I’m taking all responsibility –
even killing me.

And the time is six hours.”

The beginning of this
performance was easy.

People would give me
the glass of water to drink,

they’d give me the rose.

But very soon after,

there was a man who took the scissors
and cut my clothes,

and then they took the thorns of the rose
and stuck them in my stomach.

Somebody took the razor blade
and cut my neck and drank the blood,

and I still have the scar.

The women would tell the men what to do.

And the men didn’t rape me
because it was just a normal opening,

and it was all public,

and they were with their wives.

They carried me around
and put me on the table,

and put the knife between my legs.

And somebody took the pistol and bullet
and put it against my temple.

And another person took the pistol
and they started a fight.

And after six hours were finished,

I…

started walking towards the public.

I was a mess.

I was half-naked, I was full of blood
and tears were running down my face.

And everybody escaped, they just ran away.

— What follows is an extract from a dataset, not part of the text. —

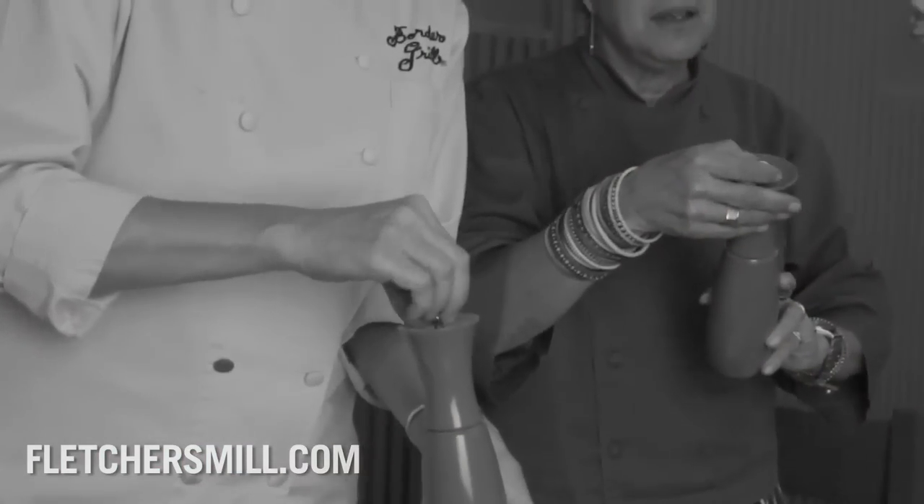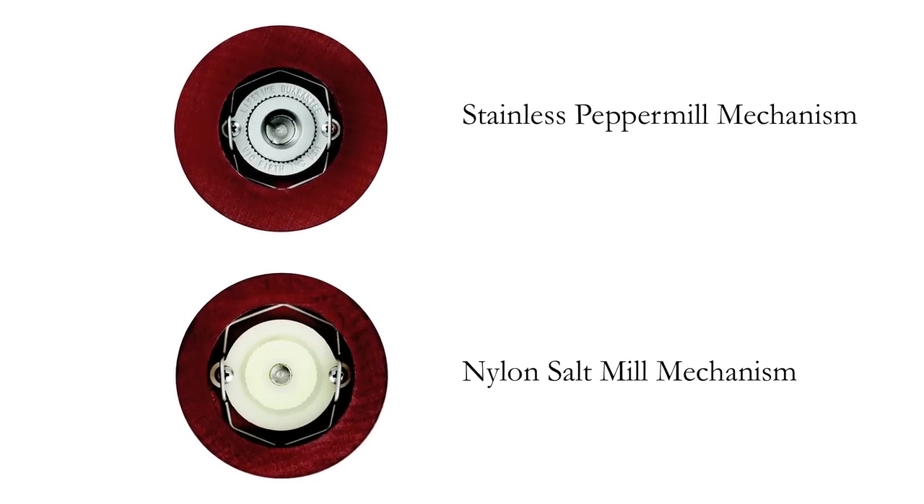I like to push this mechanism in — it's spring-loaded — and you can open up the nut pretty easily then. Now remember, this is salt and this is pepper, so when you go to refill, you want to make sure you're only putting salt in the salt, because the salt mill has the plastic mechanism. See there?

They could not confront myself,
with myself as a normal human being.

And then –

what happened

is I went to the hotel,
it was at two in the morning.

And

I looked at myself in the mirror,

and I had a piece of gray hair.

Alright –

please take off your blindfolds.

Welcome to the performance world.

First of all, let’s explain
what the performance is.

So many artists,
so many different explanations,

but my explanation
for performance is very simple.

Performance is a mental
and physical construction

that the performer makes
in a specific time

in a space in front of an audience

and then energy dialogue happens.

The audience and the performer
make the piece together.

And the difference between
performance and theater is huge.

In the theater, the knife is not a knife

and the blood is just ketchup.

In the performance,
the blood is the material,

and the razor blade or knife is the tool.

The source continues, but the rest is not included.